Large volumes of stable, dry, descending air are characteristic of high-pressure systems, often termed ‘highs’, which bring settled weather. Eastward-travelling highs cross the country about once a week, on average. Between the highs are areas of unstable, ascending air known as low-pressure systems, or ‘lows’.
Within the air systems there are often fronts – the boundary between a cold and warm air mass. Fronts produce one of the most common weather sequences. As a cold front approaches from the south-west, north-westerly winds bringing warmer air across the Tasman Sea strengthen and cloud increases. It rains for several hours as the front passes over, with a subsequent change to cold showery south-westerly or southerly winds.
New Zealand’s weather is largely produced by this endless procession of highs and lows.
New Zealand’s seasons roughly follow this pattern:
At any time of year, it is quite possible to experience four seasons in one day.
The wind comes to New Zealand mainly from the west. In the country's southern latitudes there is no other land apart from the tip of South America. Nothing gets in the way of these ‘brave west winds’, as mariners call them; they hit New Zealand after travelling 10,000 km over the ocean.

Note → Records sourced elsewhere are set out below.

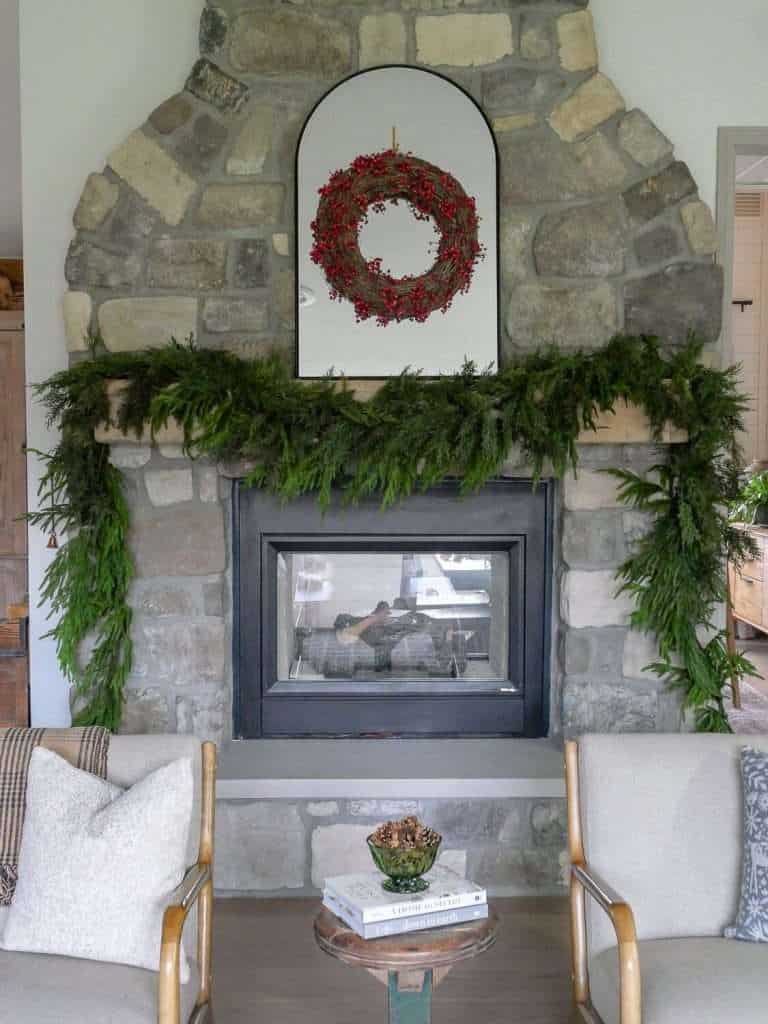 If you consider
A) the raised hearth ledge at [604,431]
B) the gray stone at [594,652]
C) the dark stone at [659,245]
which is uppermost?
the dark stone at [659,245]

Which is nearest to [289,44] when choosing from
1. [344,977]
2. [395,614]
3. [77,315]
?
[77,315]

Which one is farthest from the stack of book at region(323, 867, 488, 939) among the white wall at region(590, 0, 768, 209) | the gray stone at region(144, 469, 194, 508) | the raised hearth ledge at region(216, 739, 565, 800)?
the white wall at region(590, 0, 768, 209)

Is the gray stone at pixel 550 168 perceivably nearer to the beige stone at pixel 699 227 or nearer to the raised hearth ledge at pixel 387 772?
the beige stone at pixel 699 227

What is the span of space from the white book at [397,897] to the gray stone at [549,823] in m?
1.22

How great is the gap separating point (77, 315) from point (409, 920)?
2230mm

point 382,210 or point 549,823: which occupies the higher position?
point 382,210

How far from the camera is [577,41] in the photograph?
3.35m

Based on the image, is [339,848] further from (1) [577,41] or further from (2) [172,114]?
(1) [577,41]

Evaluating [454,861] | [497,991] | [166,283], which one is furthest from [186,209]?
[497,991]

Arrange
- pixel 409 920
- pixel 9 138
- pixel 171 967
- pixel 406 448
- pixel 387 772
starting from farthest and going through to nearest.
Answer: pixel 9 138 < pixel 387 772 < pixel 406 448 < pixel 409 920 < pixel 171 967

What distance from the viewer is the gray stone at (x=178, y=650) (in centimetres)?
339

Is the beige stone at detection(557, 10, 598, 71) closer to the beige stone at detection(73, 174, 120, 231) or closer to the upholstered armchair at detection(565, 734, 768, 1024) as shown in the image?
the beige stone at detection(73, 174, 120, 231)

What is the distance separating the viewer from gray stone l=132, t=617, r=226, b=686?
3391 millimetres

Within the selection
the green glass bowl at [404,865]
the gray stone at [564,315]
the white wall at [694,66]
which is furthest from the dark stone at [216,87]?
the green glass bowl at [404,865] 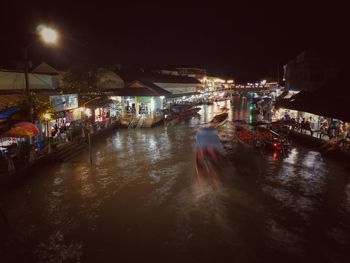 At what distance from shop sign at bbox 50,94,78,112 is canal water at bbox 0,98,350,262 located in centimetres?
432

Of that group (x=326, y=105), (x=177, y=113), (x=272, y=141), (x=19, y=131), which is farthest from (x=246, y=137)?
(x=177, y=113)

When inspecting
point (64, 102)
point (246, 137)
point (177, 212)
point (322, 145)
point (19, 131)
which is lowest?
point (177, 212)

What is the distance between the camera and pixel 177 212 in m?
12.2

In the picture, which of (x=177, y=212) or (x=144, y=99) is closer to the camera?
(x=177, y=212)

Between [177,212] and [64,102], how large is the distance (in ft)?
48.8

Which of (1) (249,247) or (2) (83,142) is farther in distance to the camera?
(2) (83,142)

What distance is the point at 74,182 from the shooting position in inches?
628

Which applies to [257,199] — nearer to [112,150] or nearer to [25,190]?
[25,190]

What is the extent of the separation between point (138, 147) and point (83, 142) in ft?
14.3

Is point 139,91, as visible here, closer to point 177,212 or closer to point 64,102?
point 64,102

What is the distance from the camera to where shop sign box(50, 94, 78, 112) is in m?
21.2

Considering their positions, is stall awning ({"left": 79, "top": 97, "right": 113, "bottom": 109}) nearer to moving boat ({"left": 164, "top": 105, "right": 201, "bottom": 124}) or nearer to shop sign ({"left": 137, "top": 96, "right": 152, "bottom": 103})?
shop sign ({"left": 137, "top": 96, "right": 152, "bottom": 103})

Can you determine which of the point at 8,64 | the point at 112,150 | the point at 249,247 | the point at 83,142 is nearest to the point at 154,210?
the point at 249,247

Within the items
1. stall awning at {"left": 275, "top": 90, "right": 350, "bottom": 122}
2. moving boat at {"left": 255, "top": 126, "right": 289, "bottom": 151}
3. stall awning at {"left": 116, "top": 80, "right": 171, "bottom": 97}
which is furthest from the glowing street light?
stall awning at {"left": 116, "top": 80, "right": 171, "bottom": 97} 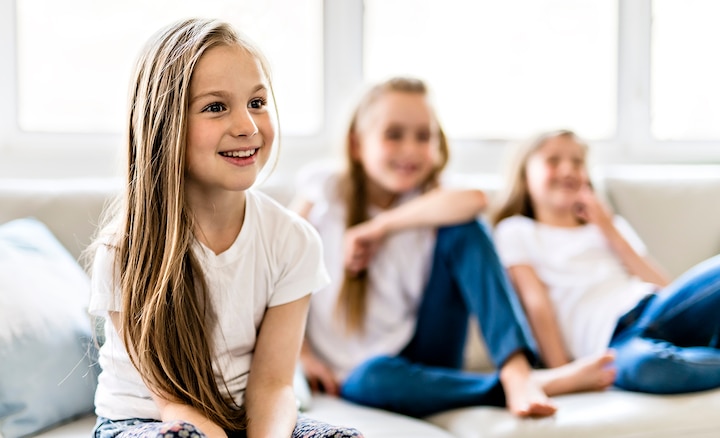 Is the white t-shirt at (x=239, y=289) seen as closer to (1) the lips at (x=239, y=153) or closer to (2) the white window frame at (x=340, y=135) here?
(1) the lips at (x=239, y=153)

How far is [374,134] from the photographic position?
196 cm

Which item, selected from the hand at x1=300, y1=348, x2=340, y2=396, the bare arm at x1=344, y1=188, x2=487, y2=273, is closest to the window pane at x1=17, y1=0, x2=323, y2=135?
the bare arm at x1=344, y1=188, x2=487, y2=273

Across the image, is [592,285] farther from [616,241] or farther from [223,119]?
[223,119]

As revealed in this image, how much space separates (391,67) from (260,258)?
1438 mm

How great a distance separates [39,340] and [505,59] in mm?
1848

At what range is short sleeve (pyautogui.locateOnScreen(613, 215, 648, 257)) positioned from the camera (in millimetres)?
2133

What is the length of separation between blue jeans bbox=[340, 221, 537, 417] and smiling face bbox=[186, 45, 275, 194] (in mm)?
627

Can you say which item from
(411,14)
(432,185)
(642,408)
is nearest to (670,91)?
(411,14)

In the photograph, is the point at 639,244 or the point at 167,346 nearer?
the point at 167,346

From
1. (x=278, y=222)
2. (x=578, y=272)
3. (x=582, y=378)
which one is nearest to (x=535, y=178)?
(x=578, y=272)

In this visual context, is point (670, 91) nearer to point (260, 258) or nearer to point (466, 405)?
point (466, 405)

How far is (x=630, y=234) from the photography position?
2.17m

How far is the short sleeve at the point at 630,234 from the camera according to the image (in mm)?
2133

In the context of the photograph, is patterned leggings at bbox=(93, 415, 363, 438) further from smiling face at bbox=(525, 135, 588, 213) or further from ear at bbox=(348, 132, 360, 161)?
smiling face at bbox=(525, 135, 588, 213)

The nor’wester dumps metres of rain on the West Coast, then rises over the Southern Alps and descends on the Canterbury Plains in hot, dry gusts. When Canterbury’s dust-laden nor’wester blows, suicide rates go up and people get headaches or become grouchy. At gale force, it does serious damage to farms and buildings. Known to Māori as parera, it is one of many regional seasonal winds, including France’s mistral, California’s Santa Ana, and the Chinook of western Canada. In winter, Canterbury’s ‘mad dog’ is tamed, bringing welcome mild weather.

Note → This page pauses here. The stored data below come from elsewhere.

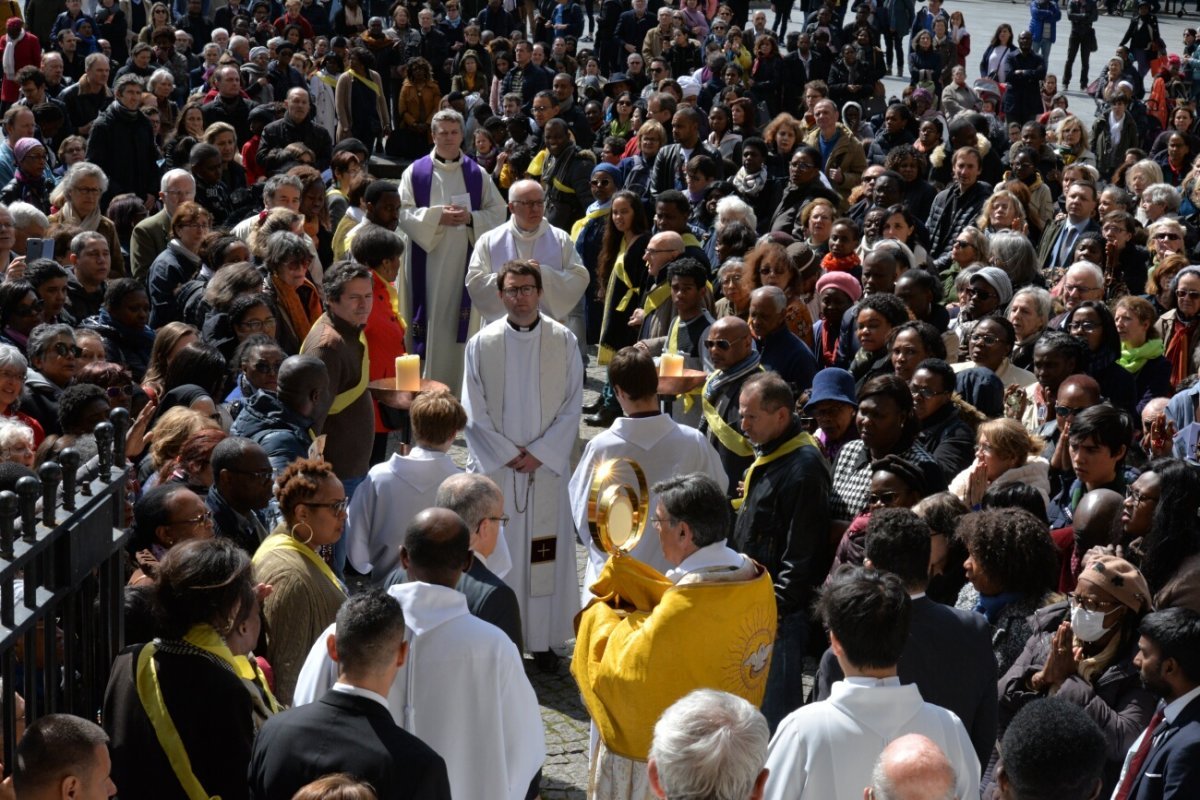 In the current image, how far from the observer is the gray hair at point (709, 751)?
385 centimetres

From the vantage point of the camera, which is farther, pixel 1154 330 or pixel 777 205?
pixel 777 205

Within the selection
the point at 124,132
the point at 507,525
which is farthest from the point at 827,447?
the point at 124,132

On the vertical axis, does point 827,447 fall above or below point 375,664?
below

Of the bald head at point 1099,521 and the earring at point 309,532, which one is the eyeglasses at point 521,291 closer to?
the earring at point 309,532

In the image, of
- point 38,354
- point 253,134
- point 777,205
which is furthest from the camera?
point 253,134

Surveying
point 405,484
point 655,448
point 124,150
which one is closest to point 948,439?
point 655,448

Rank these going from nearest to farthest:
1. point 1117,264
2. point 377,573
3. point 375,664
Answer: point 375,664 → point 377,573 → point 1117,264

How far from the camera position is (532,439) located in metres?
8.05

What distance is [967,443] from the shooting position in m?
7.42

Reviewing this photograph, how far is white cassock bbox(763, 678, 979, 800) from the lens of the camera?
420 centimetres

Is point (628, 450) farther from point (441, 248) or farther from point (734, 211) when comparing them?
point (441, 248)

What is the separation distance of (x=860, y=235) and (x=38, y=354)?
232 inches

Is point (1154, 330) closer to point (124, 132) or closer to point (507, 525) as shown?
point (507, 525)

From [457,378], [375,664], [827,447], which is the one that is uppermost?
[375,664] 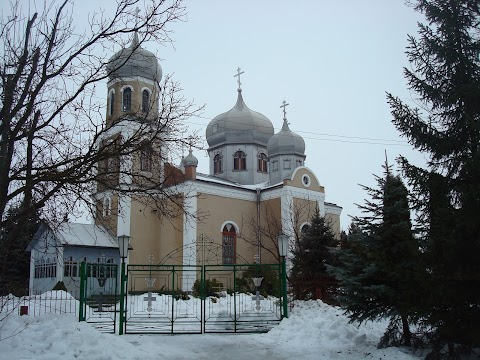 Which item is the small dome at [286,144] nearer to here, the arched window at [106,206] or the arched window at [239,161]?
the arched window at [239,161]

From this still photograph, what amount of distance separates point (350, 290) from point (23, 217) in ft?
20.5

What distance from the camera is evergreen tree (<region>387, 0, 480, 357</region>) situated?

The early European explorers who ventured onto upland areas were blown off their feet. Māori would not have been surprised – they had more than a dozen terms for different winds.
One of the most readily recognisable regional winds is Canterbury’s nor’wester – a hot, dry wind. And everyone in the east and south knows the southerly, which blasts up from the subantarctic.

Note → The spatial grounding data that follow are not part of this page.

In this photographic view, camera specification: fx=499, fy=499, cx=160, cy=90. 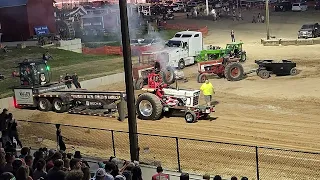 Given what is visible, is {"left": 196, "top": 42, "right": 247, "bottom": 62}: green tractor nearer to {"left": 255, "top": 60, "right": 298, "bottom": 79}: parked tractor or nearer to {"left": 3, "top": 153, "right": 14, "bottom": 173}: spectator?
{"left": 255, "top": 60, "right": 298, "bottom": 79}: parked tractor

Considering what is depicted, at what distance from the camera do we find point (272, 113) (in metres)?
22.3

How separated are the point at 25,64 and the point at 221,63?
39.5 feet

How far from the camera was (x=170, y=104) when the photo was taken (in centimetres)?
2230

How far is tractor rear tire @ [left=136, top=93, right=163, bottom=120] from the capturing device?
21859mm

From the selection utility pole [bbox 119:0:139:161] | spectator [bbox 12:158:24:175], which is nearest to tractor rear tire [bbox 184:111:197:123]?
utility pole [bbox 119:0:139:161]

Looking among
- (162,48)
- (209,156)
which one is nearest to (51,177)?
(209,156)

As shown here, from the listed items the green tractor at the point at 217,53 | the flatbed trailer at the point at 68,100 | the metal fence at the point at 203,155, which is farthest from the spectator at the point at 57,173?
the green tractor at the point at 217,53

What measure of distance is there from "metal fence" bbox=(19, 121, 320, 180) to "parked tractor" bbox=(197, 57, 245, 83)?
38.7 feet

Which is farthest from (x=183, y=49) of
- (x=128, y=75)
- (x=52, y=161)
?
(x=52, y=161)

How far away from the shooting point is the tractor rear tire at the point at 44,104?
85.7 feet

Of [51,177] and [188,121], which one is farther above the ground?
[51,177]

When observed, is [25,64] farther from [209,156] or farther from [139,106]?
[209,156]

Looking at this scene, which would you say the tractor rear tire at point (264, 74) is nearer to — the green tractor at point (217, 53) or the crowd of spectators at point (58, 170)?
the green tractor at point (217, 53)

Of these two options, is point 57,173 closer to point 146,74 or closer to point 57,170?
point 57,170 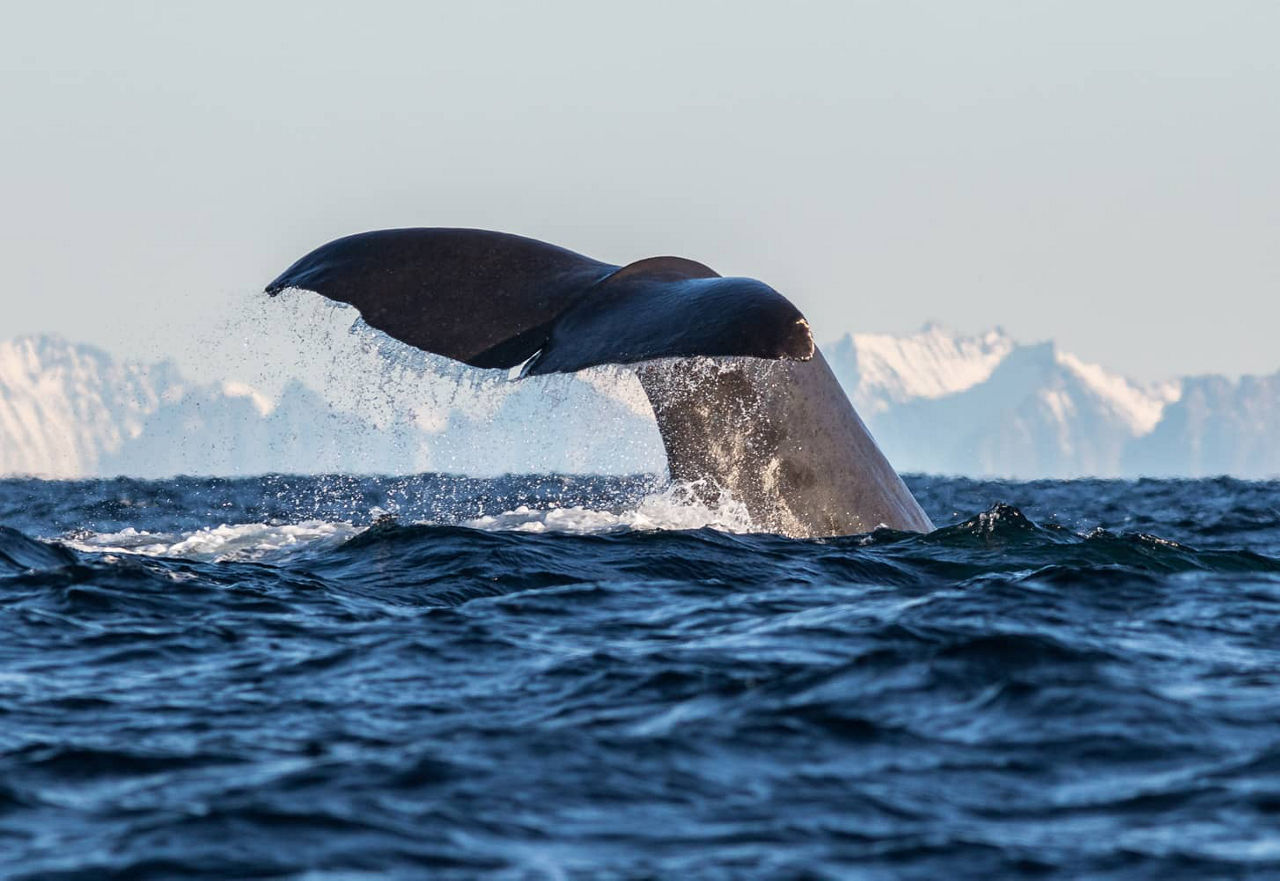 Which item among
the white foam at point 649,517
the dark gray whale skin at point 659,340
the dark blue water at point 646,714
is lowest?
the dark blue water at point 646,714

The distribution of New Zealand’s usually ample rainfall is greatly affected by the mountains. The general rule is that east is drier, west is wetter. In populated areas, the mean annual rainfall varies from 350 mm in Central Otago to over 6,000 mm at Milford Sound, on the south-west coast. The highest recorded annual rainfall is over 18,000 mm, at Cropp River (Hokitika catchment) on the West Coast, where the average annual rainfall is a pluvial 11,500 mm. Most areas receive 600–1,500 mm a year, and large areas of both islands over 2,500 mm.
As New Zealand lies just west of the International Date Line, Chatham Islanders are the first people to see the sun rise each day. The sun beams down on Blenheim and Nelson (in the South Island), and Whakatāne (in the North Island), where average annual sunshine hours exceed 2,350. Other coastal areas of Bay of Plenty and Napier also bask in the sun. Many retired people move to the sunnier northern and eastern areas. But the New Zealand sun is harsh, and Auckland has one of the highest rates of melanoma (skin cancer) in the world.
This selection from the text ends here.